[arch-general] We have lost the desktop war. The reason? Windows 7.

Norbert Zeh nzeh at cs.dal.ca
Tue Oct 27 02:56:33 EDT 2009


On Mon, Oct 26, 2009 at 10:31:06PM +0000, dennisjperkins at comcast.net wrote:
> 
> > Well, I guess they try to 'integrate' again, all config in one place, 
> > but again only for their bubble. 
> 
> Isn't there already an OS with such a terrible, bloated and cryptical 
> all config in one place database called registry? 
> 
> And wasn't there a principle in Unix/Linux: "Everything is a file."? 
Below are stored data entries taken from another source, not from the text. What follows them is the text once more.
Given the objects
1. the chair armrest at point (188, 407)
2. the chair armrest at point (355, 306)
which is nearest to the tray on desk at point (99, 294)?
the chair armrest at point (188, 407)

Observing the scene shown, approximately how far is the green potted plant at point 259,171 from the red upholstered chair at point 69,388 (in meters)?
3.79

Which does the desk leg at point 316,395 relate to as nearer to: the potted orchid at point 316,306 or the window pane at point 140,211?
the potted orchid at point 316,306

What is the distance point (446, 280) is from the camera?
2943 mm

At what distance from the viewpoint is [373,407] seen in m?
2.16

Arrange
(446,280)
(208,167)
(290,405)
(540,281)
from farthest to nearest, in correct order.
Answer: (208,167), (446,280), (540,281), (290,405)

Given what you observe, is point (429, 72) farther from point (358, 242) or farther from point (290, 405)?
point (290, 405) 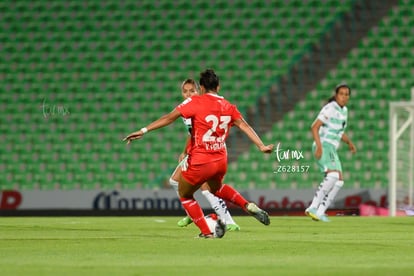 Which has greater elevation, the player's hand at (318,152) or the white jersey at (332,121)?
the white jersey at (332,121)

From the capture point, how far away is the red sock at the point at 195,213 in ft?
30.1

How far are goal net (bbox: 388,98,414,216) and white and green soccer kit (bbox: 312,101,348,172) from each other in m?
2.62

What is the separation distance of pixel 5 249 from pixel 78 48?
12804 mm

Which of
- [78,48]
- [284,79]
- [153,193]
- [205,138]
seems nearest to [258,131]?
[284,79]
Indeed, this is one of the many appeals of Linux.  What scares me about
Windows is that I cannot fix anything that Microsoft didn't expect to go
wrong - so pretty much everything ;) - because I need some program that
understands whatever proprietary format they use.  In addition, looking
for a messed-up entry in the registry is like looking for a needle in a
haystack because it's huge, not really documented, and the entry keys
are cryptic.

In old-fashioned Linux, you have a few well-defined text files that
control the behaviour of an application.  If they're messed up, I can go
at them with a text editor, and their entries are usually
well-documented in a man-page.  This is a level of maintainability that
is hard to beat.

I see why desktop people want to have a centralized place to configure
everything: the average user is probably not up to editing many text
files and probably doesn't understand half of what's written in the
man-pages explaining their contents.  But then I think the way to go is
to have a two-tier architecture with well-documented text files for the
individual applications underneath and a unified GUI on top that
manipulates (the most common options in) them.